Wird auch römisches Bad genannt. Bei Temperaturen um die 45°C und einer Luftfeuchtigkeit von 90 bis 100% werden in einem geschlossenen Raum Wasserdämpfe ausgestoßen. Durch die hohe Luftfeuchtigkeit (das Römische Dampfbad hat die höchste Luftfeuchtigkeit im Vergleich) werden die Atemwege befeuchtet, die Poren der Haut geöffnet und der Organismus zum Schwitzen angeregt. Der Körper wird dadurch entgiftet und entspannt. Von allen Saunatypen eignet sich das römische Dampfbad für Inhalationstherapien am besten. Anschließende Wechselduschen oder Kneippen trägt dazu bei, dass die Immunabwehr erhöht wird. Verbessert ausserdem die Durchblutung der Haut und den Stoffwechsel. Kann therapeutisch u. a. eingesetzt werden bei: Rheuma, Arthritis, Nervosität, Stress und bestimmten Hauterkrankungen wie Neurodermitis, Ekzemen oder Akne. Zur Erhöhung natürlicher Abwehrkräfte. Auch in Verbindung mit Inhalationstherapien geeignet.

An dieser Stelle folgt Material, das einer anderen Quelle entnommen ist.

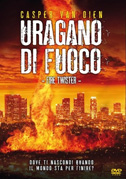 Uragano di fuoco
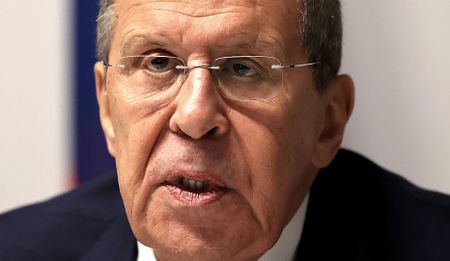 Kyiv strikes drone depot in Russia; Kremlin to scrap unilateral missile moratorium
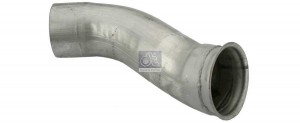 Деталь 2.14432 DIESEL TECHNIC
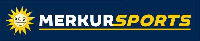 MERKURSPORTS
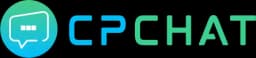 CPChat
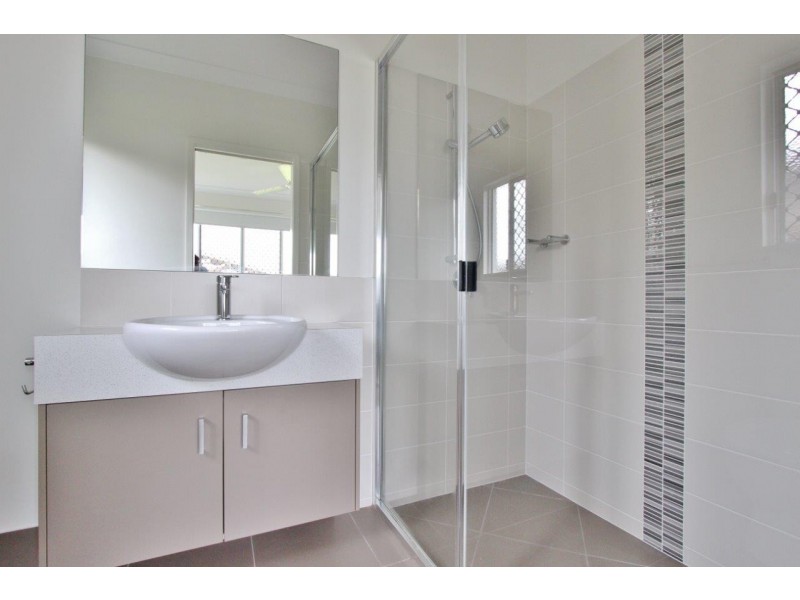 22 Seaways Street, Trinity Beach QLD 4879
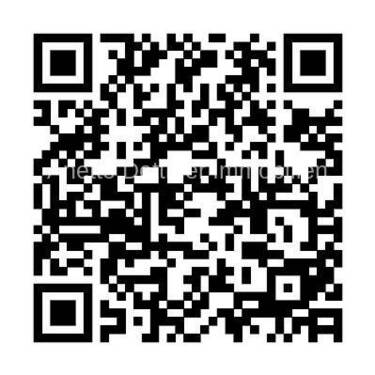 https://dettmer-immobilien.de/immobilien/haus-einfamilienhaus-in-gronau-leine-kaufen-539/ - 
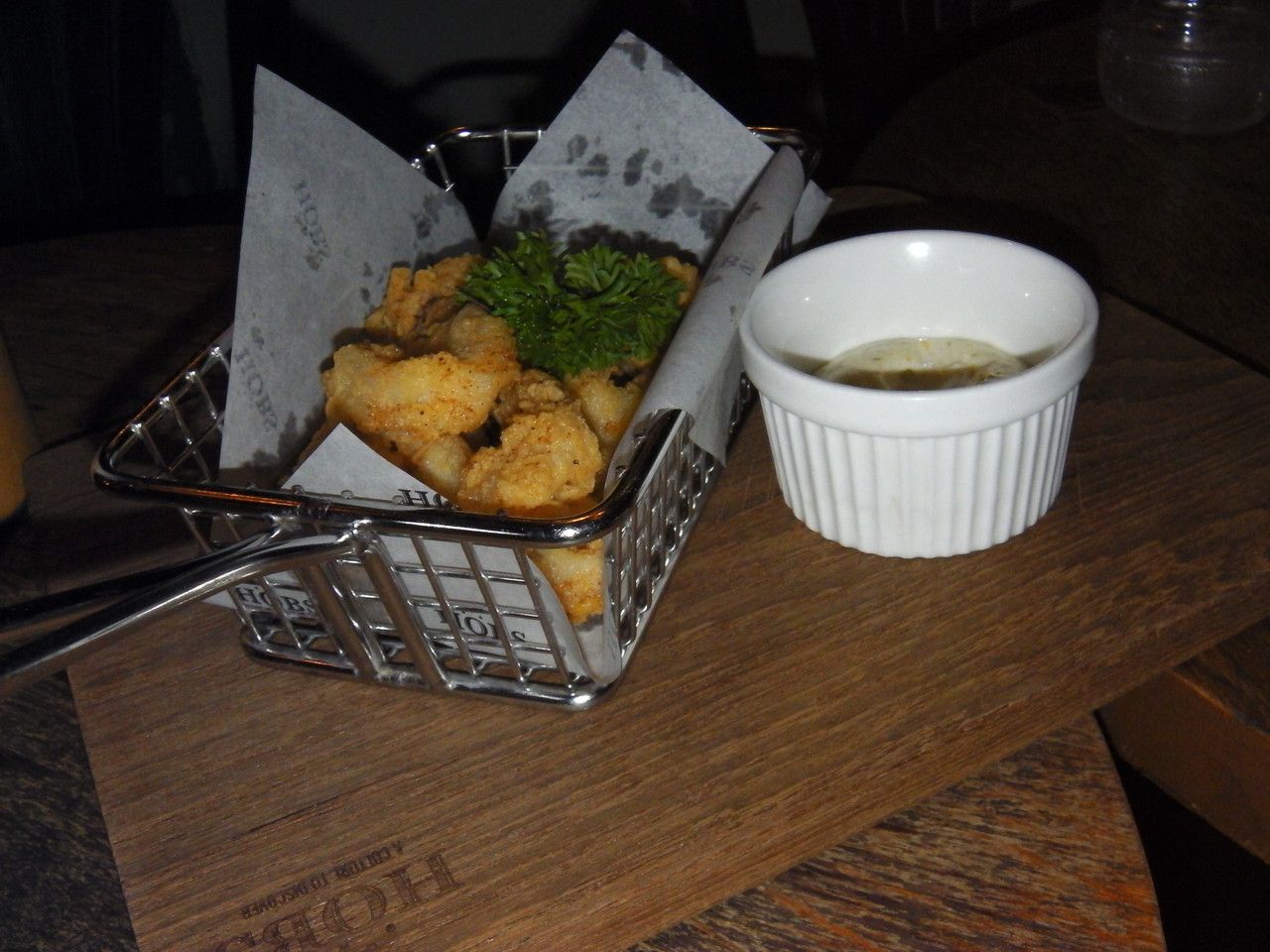 20160817_06.jpg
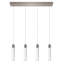 Luminaire suspendu pour îlot de cuisine Aniha-2116934542-2117671665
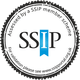 SSIP Assessed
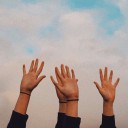 sarcasticskrub avatar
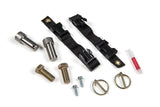 Sway Bar Disconnect Upgrade Kit for 2013-2018 Dodge Ram 2500/3500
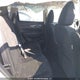 5N1AT2MT9GC837264 2016 Nissan Rogue S/Sl/Sv auction photo thumbnail 8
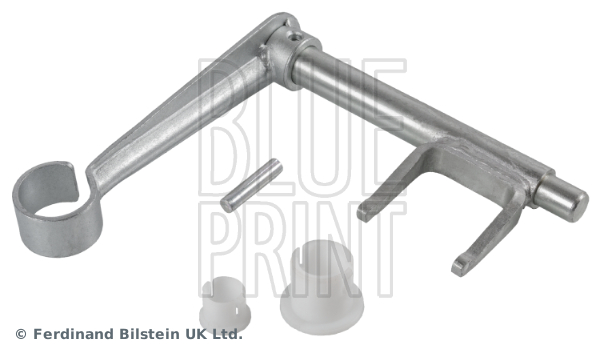 BLUE PRINT ADP153318 Debriyaj Sistemi Debriyaj Çatalı - PEUGEOT 206+ (2L_, 2M_) uyumlu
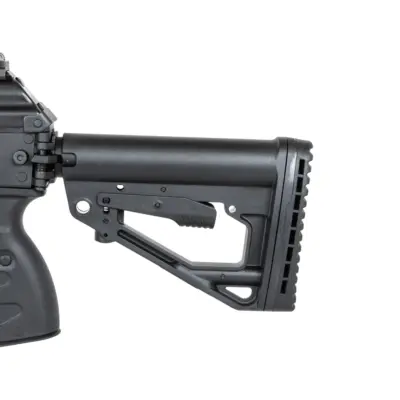 Alternative view of Karabinek ASG Arcturus AK12 AEG PE™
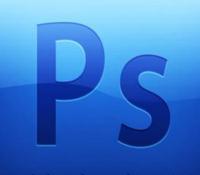 Adobe Photoshop CC 20171.0 免费最新版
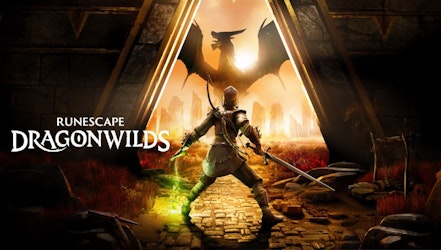Descubre más sobre "RuneScape: Dragonwilds" con unas recomendaciones para principiantes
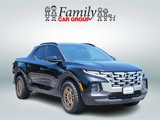 Used 2022 Hyundai Santa Cruz SEL Premium image 2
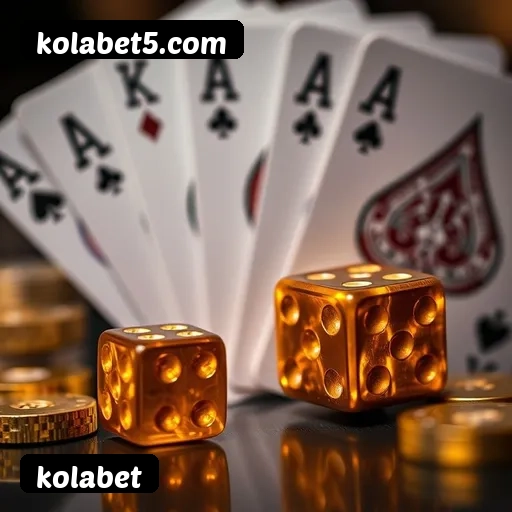 Vantagens exclusivas kolabet para jogadores brasileiros - São Paulo, Rio, BH
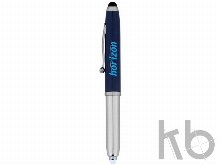 Ручка-стилус шариковая «Xenon»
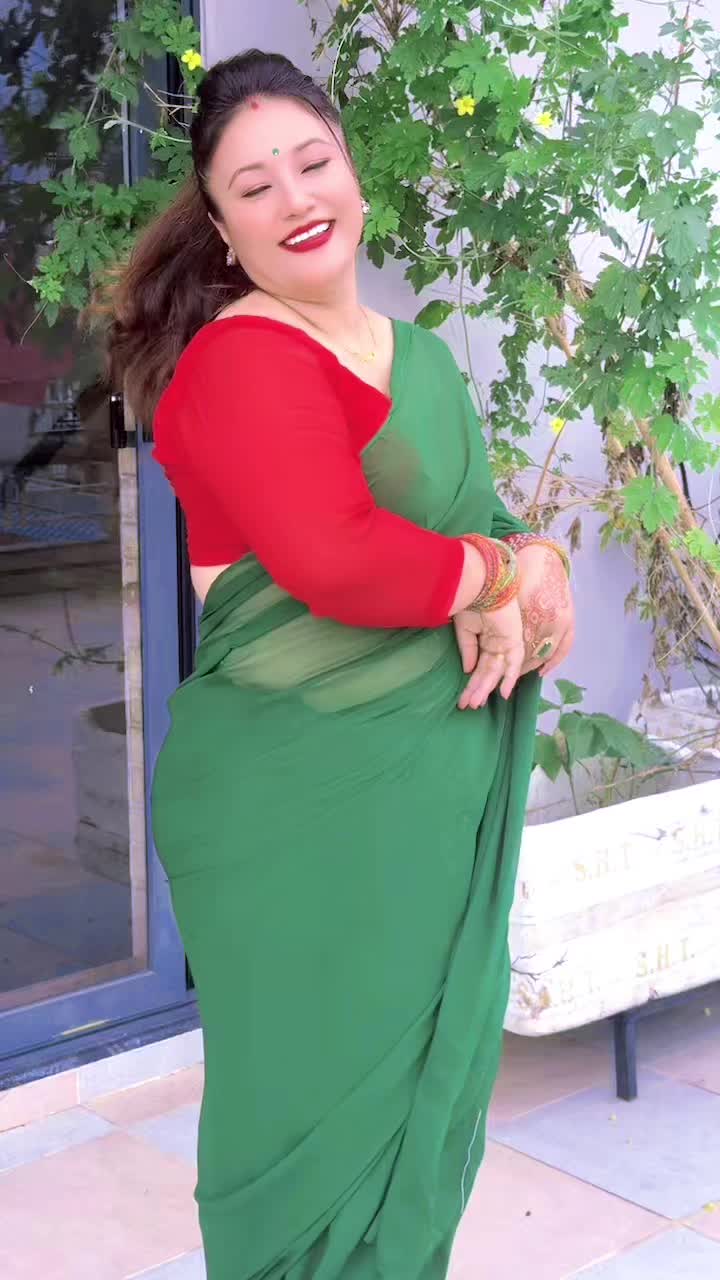 @Rajani Pradhan Shres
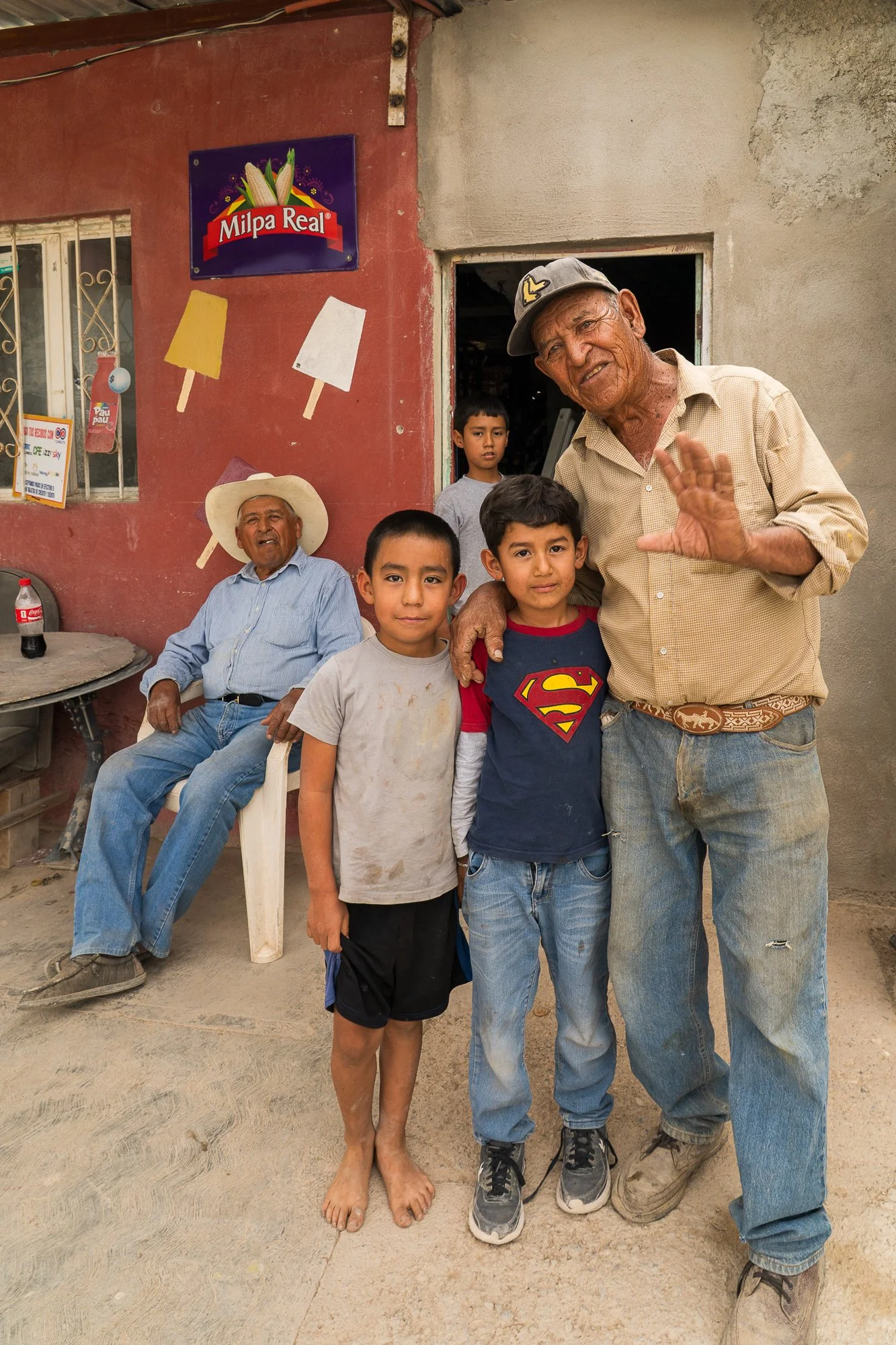 Mexico -Wilderland-01459.jpg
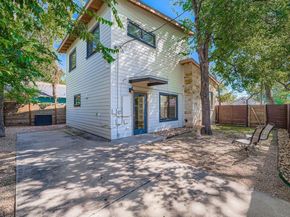 1800 E 14th ST, Austin TX 78702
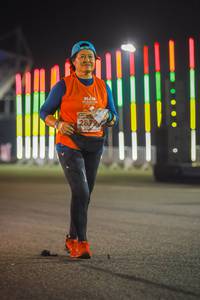 BIB: 2879
                            <button type="button" onclick="openModal(15877092)" class="btn btn-primary btn-sm float-right btn-popup" data-toggle="modal" data-target=".modal-high-quality">
                        <i class="fas fa-shopping-cart"></i> Add to Cart
                    </button>
                                            <button type="button" onclick="isThisMe(15877092, true)" class="btn btn-success btn-sm float-right btn-popup btn-isme hidden" data-toggle="tooltip" data-placement="bottom" title="นี่คือรูปของคุณใช่ไหม คลิกที่นี่เพื่อเอาเข้าอัลบั้ม">
                        <i class="fas fa-plus"></i> Add to album
                    </button>
                    <button type="button" onclick="isThisMe(15877092, false)" class="btn btn-warning btn-sm float-right btn-popup btn-isnotme hidden">
                        <i class="fas fa-ban"></i> Remove from album
                    </button>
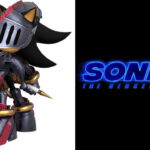 فیلم Sonic the Hedgehog 4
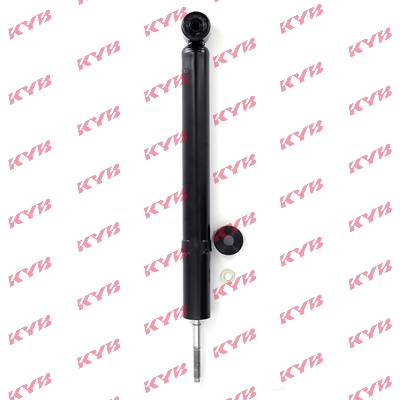 KYB 443800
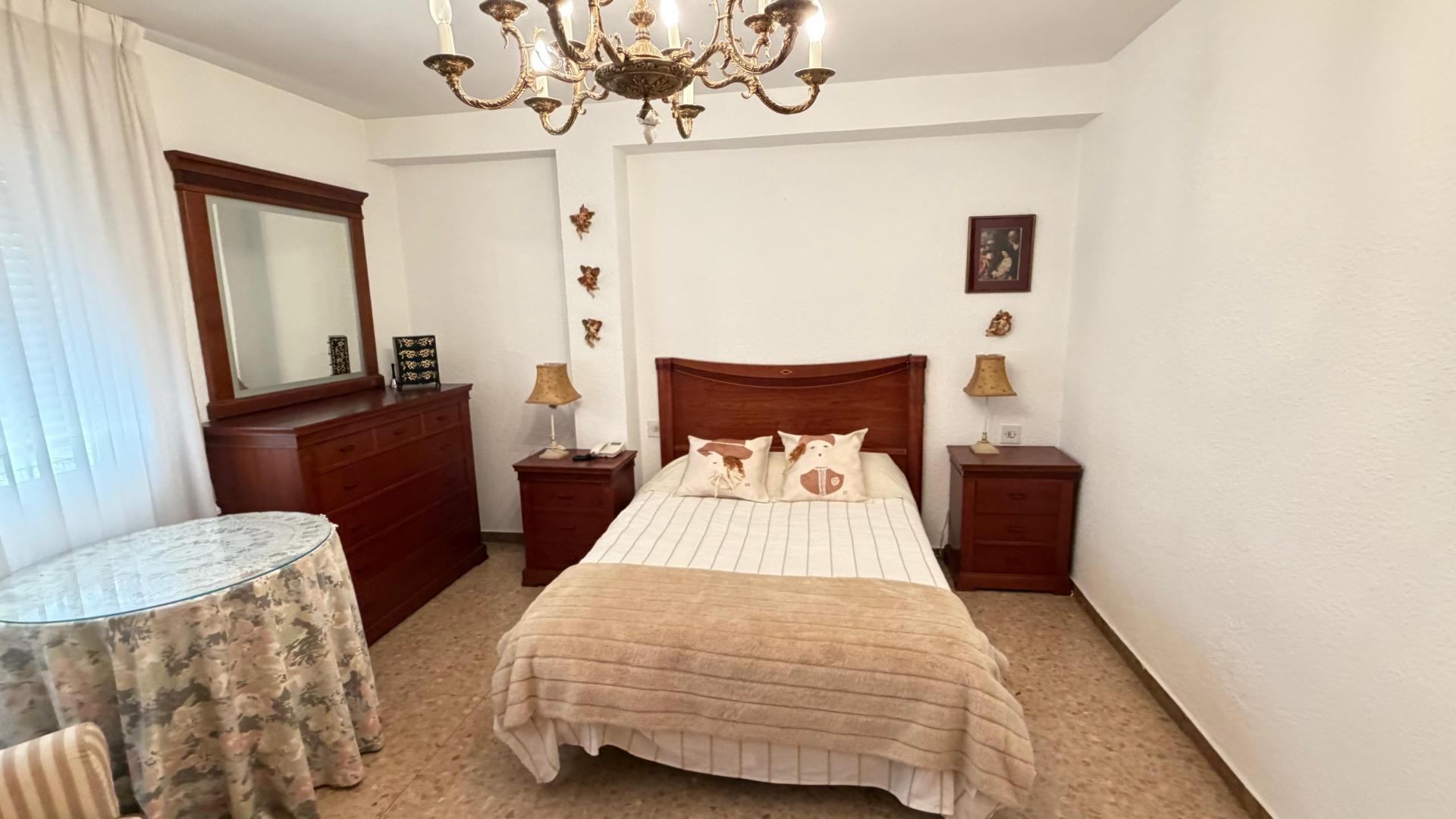 Pisos-Venta-Zaragoza-2417954-Foto-13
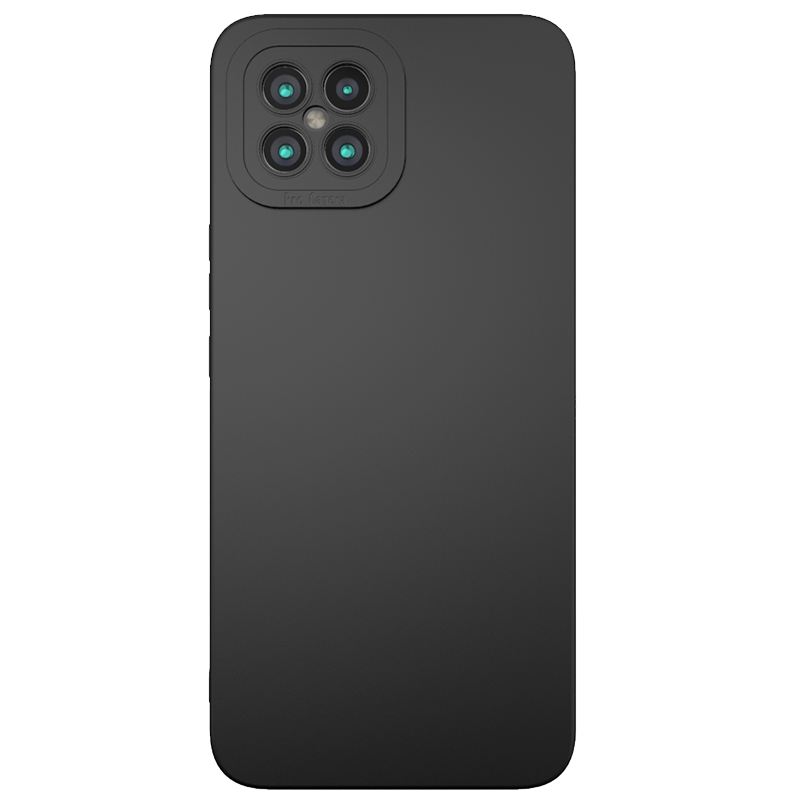 华为NZONES7PRO+镜头全包手机壳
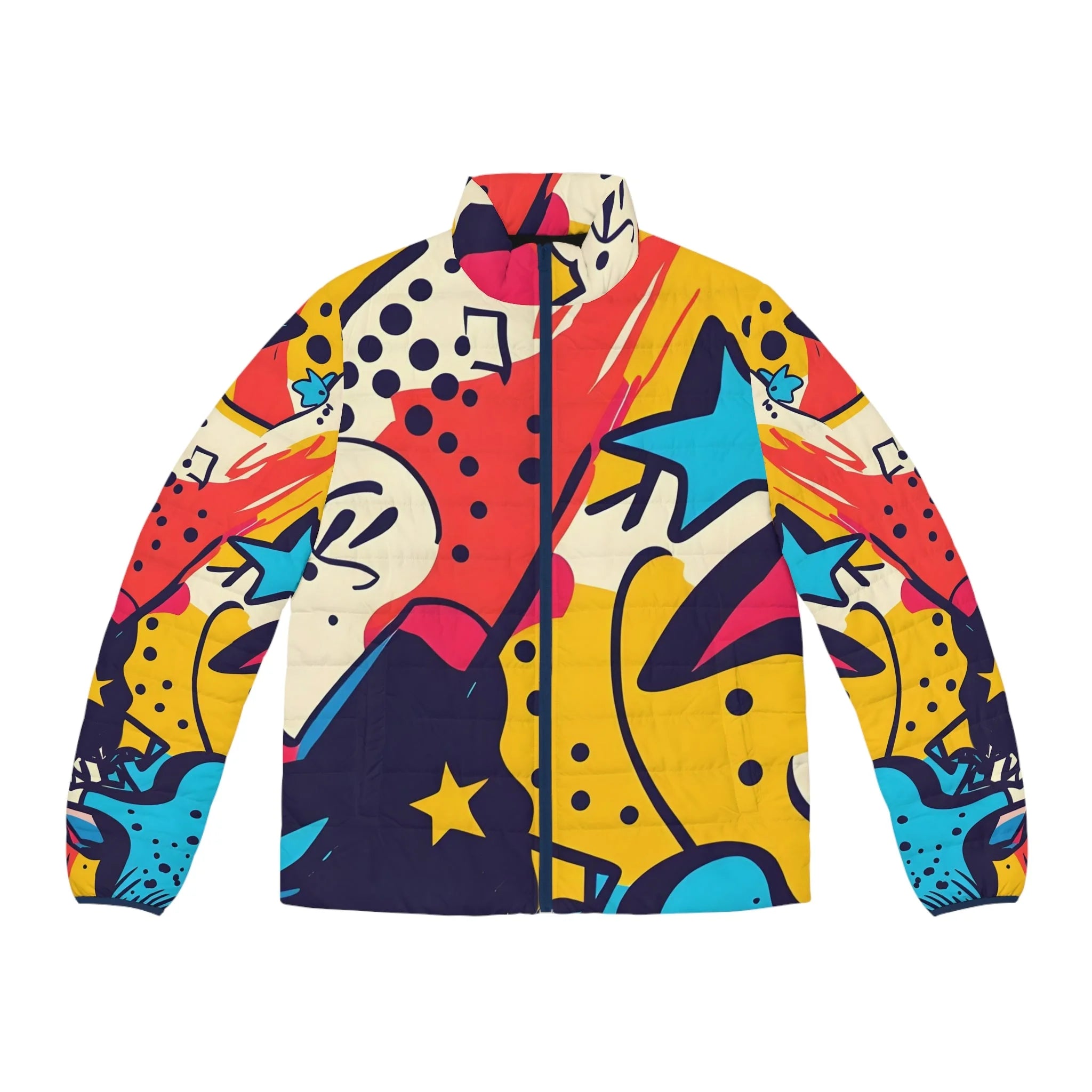 ["All Over Print","AOP","AOP Clothing","Art","Artful","Artistic","Artsulli","Artsy","Arty","Full Print","Illustration","Illustration art","Jackets","Jakkoutthebxx","Long Sleeves","Men's Clothing","Merch","Merchandise","Outdoor","Outerwear","Product","Sublimation","With zipper"]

Bitte beachten Sie: Bei Krampfadern, akutem Asthma, Bluthochdruck, Herz-Kreislauferkrankungen, Fieber-/Erkältungskrankheiten und Migräne sollten Sie von einem Saunabesuch absehen. Sollten Sie an akute oder entzündliche Organkrankheiten leiden, klären Sie sich bitte vorher mit Ihrem Arzt ab.